◆ EXERCISE BRIEF ◆
Excluding pictures, retype the line with "SkycropHD Anti Glare" and each line that follows it to the end of the data below, word for word.

◆ MATERIAL PROVIDED ◆
+++

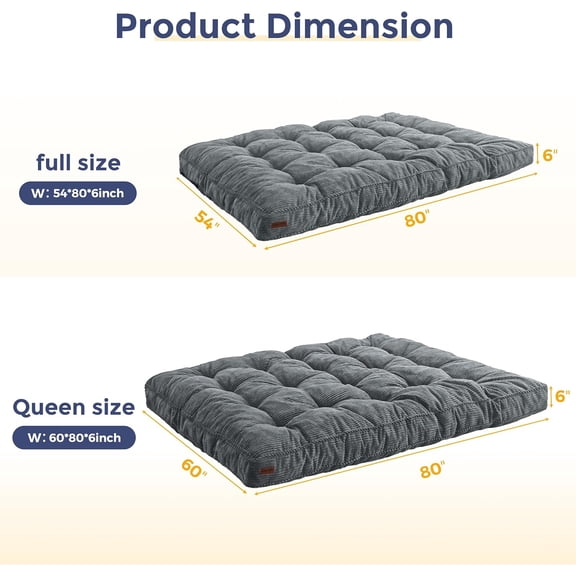 6" Futon Mattress Full Size, Tufted Futons Sofa Couch Bed with Twisted Rope Design Edging, Thick Corded Fabric Floor Mattress for Adults, Shredded Foam Filling (Frame Not Included), Dark Grey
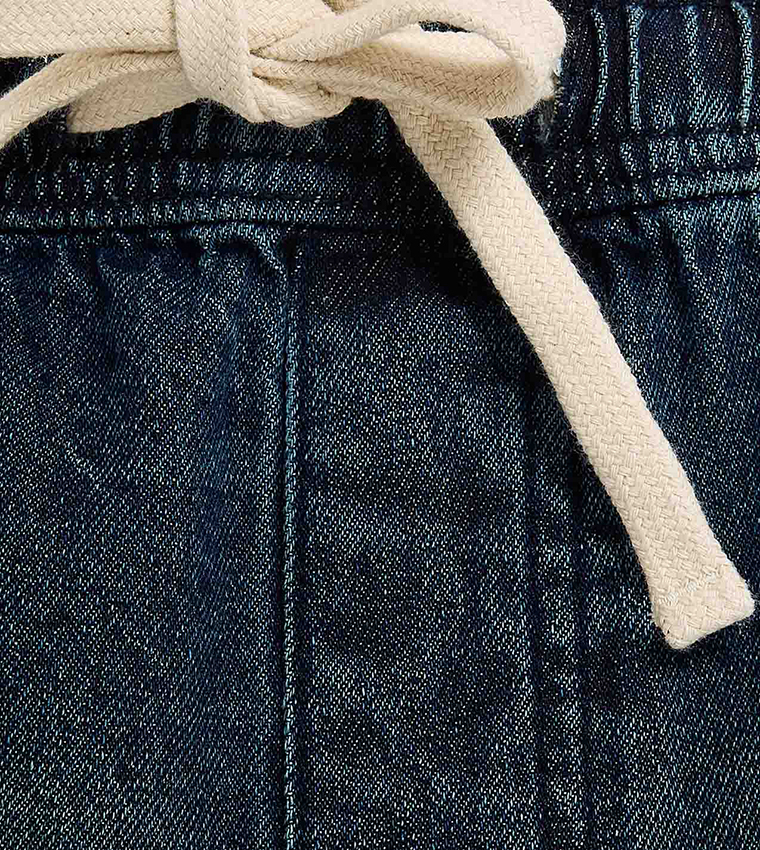 Faded Carpenter Jeans with Drawstring Waist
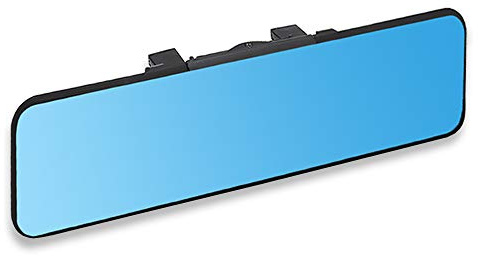 SkycropHD Anti Glare Car Interior Rear View Mirror, Clip on Wide Angle Rearview Mirror to Eliminate Blind Spots – Flat, Blue,11in (280mm)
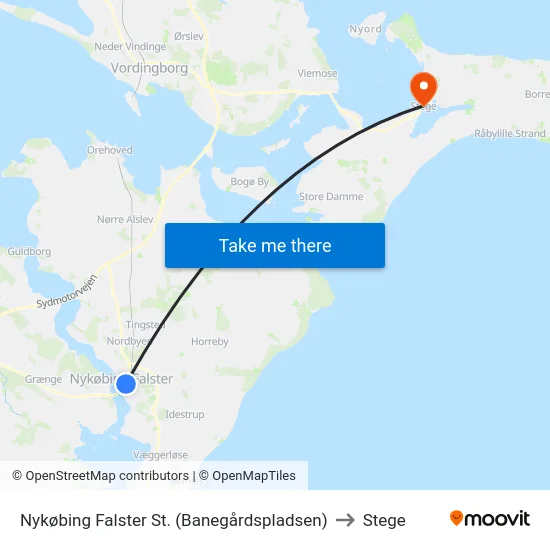 Nykøbing Falster St. (Banegårdspladsen) to Stege map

+++

◆ THE COMPLETED TASK ◆
 SkycropHD Anti Glare Car Interior Rear View Mirror, Clip on Wide Angle Rearview Mirror to Eliminate Blind Spots – Flat, Blue,11in (280mm)
 Nykøbing Falster St. (Banegårdspladsen) to Stege map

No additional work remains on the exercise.